Dataset records >>
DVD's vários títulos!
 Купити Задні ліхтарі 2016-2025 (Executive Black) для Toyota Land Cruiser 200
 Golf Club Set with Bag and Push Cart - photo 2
...
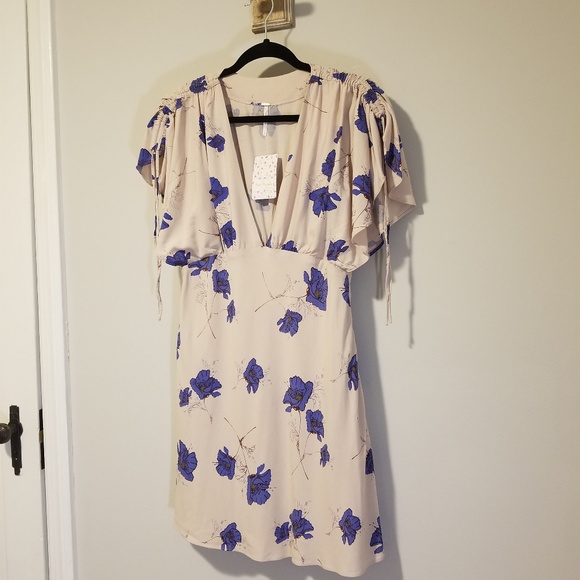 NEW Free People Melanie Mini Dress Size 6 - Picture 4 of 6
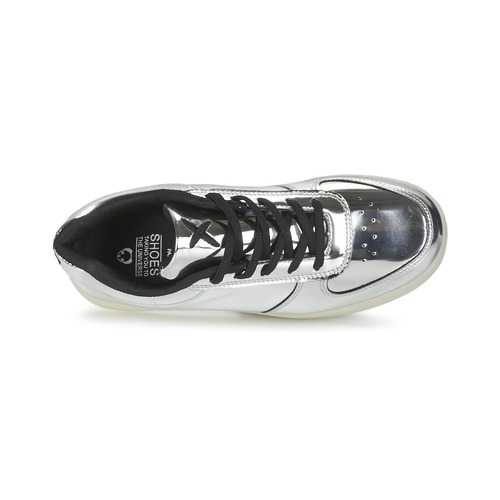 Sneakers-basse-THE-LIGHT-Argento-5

Exercise instructions >>
Return only the stretch of the material above from the line holding "DVD's vários títulos!" through the line holding "Golf Club Set", copied exactly.

Output >>
DVD's vários títulos!
 Купити Задні ліхтарі 2016-2025 (Executive Black) для Toyota Land Cruiser 200
 Golf Club Set with Bag and Push Cart - photo 2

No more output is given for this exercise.